Downtown Decline, Digital Dogpiles, and the Week That Was Online
From vacant storefronts to Facebook flame-throwers, here’s what Clallam County was talking about this week.
Downtown vacancies are climbing. Business owners are quietly cleaning up drug debris before opening their doors. A longtime local voice was banned online for defending an article. And the county scanner lit up again with the kinds of calls that rarely make it into the local paper. This week’s Social Media Saturday pulls together the posts, the pictures, and the uncomfortable questions that deserve more than a scroll-past.
Empty Windows, Full Sidewalks
The Peninsula Daily News reports a staggering 90 vacant storefronts in the downtown core. That’s not just an aesthetic problem. Empty commercial space means:
Fewer jobs
Less sales tax revenue
Lower property values
A visible signal that something isn’t working
Downtown business owners aren’t just competing with online retail and inflation. They’re navigating something more immediate.

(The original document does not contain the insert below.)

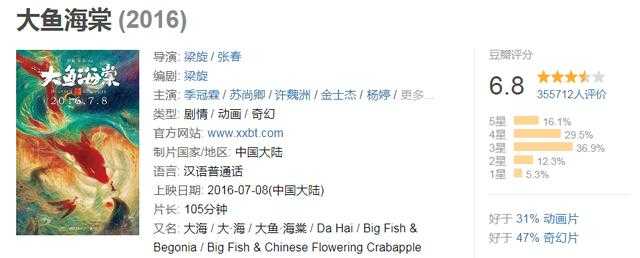 得知《天气之子》借鉴《大鱼海棠》后，网友评论太真实了-11.jpg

In recent weeks, social media posts have shown:
Evidence of fire damage in a breezeway near operating businesses
Encampments along trails and walkways that shoppers use near downtown stores
Trash accumulation behind storefronts adjacent to camping activity
Several business owners have publicly commented about cleaning doorways each morning before customers arrive. Others have reported an increase in visible drug use nearby.
In one image, a glass pipe is visible outside a local storefront only blocks from the county’s harm reduction facility.
Critics argue this reflects unintended consequences of distribution policies. Supporters would counter that harm reduction prevents overdoses and saves lives.
But here’s the tension that keeps surfacing online:
The very businesses generating tax revenue are asking whether current policy choices are accelerating their own instability.
It’s a fair question. And it isn’t going away.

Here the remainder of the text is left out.